- Born: Freda Jassem February 15, 1923 Harlem, New York
- Died: August 7, 2012 (aged 89) Portland, Maine
- Other names: Freda Cohen
- Occupation: Actress
- Spouse: Robert 'Bob' Cohen
- Children: 1
- Parents: Joseph Jassem (father); Rose Jassem (mother);

= Fritzi Jane Courtney =

American actress

Fritzi Jane Courtney (February 15, 1923 – August 7, 2012) was an American actress.

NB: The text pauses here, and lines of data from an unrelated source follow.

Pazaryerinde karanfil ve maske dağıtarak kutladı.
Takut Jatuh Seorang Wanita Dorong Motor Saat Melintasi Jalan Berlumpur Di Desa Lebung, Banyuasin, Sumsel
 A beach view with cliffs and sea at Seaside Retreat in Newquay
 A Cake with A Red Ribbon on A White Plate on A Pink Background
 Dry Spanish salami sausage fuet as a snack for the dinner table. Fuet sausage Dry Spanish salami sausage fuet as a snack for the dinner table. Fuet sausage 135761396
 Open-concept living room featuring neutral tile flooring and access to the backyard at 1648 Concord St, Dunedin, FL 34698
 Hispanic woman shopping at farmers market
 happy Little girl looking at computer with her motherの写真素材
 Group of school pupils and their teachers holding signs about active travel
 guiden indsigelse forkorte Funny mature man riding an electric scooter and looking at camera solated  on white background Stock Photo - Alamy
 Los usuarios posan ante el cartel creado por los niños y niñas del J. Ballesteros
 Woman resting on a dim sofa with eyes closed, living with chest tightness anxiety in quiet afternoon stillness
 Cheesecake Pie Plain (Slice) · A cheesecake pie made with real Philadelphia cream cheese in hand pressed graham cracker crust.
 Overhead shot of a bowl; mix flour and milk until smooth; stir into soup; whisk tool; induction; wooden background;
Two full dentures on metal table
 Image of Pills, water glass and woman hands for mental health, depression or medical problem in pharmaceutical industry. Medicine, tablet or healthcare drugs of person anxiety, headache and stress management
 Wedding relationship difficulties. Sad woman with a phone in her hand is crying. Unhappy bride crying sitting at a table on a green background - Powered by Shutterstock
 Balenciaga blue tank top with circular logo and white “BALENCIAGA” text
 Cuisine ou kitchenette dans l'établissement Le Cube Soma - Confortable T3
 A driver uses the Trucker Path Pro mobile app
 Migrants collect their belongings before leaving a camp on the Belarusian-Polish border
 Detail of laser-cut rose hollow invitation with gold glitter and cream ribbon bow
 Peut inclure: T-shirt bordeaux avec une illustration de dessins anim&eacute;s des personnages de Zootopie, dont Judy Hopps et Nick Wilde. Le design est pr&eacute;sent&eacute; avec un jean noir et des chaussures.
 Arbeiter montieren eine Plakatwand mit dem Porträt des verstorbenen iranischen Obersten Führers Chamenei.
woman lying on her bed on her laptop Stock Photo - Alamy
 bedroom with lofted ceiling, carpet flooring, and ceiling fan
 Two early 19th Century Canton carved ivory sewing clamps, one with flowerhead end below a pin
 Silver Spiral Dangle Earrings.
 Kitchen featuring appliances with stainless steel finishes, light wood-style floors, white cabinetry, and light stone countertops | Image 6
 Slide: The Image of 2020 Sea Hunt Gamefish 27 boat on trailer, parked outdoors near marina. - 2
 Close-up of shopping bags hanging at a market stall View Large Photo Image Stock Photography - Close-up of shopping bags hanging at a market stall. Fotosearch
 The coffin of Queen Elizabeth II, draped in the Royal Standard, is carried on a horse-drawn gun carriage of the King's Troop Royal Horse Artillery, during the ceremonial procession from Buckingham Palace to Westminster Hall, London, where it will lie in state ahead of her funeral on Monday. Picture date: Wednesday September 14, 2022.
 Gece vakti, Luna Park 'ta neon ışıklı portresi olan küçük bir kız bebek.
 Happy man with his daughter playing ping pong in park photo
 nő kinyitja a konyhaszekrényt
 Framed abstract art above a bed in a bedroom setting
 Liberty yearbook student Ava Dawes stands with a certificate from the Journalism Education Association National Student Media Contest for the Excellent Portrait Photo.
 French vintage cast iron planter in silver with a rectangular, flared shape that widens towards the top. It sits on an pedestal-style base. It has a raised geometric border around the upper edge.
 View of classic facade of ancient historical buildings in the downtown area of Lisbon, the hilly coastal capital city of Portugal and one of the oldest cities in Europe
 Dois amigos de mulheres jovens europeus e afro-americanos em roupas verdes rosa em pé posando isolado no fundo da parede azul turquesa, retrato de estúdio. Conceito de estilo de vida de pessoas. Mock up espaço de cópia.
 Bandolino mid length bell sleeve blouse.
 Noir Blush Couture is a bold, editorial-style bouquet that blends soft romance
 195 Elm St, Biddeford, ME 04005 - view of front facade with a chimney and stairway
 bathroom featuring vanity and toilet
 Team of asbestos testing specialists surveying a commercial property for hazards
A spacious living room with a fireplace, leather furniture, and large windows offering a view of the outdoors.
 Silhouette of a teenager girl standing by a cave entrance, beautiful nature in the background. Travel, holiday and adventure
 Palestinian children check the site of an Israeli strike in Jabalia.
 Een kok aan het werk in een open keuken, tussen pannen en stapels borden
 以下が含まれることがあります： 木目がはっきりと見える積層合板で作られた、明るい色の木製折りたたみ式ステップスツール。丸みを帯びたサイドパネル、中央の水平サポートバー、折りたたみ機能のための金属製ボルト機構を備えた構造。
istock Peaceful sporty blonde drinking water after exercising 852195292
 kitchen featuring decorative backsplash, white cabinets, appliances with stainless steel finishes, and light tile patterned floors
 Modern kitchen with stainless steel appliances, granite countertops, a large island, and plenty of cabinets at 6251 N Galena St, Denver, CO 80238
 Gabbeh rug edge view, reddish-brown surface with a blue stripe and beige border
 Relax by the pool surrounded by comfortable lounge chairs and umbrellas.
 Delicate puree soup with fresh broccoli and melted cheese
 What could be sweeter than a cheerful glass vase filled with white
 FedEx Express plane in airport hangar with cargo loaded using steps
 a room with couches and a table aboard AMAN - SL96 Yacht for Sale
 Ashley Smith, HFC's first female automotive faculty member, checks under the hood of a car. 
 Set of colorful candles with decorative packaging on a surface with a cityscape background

The only daughter of Joseph and Rose Jassem, she was born in Harlem and was raised in Brooklyn. She graduated from Brooklyn College. While attending drama school, she was employed by a tie company in New York City.

She met her future husband, Robert Cohen at a USO during World War II. In 1946, the couple moved to Maine. They were the parents of one daughter, Jill S. Cohen.

While working for NBC affiliate, Channel 6, Fritzi became the first woman on-air drama critic in New England, reviewing theatrical productions.

She is best known for playing Mrs. Taft, the hotel owner, in three Jaws films. She played Mrs. Taft in Jaws (1975), then reprised her role in two sequels – Jaws 2 (1978) and again in Jaws: The Revenge (1987).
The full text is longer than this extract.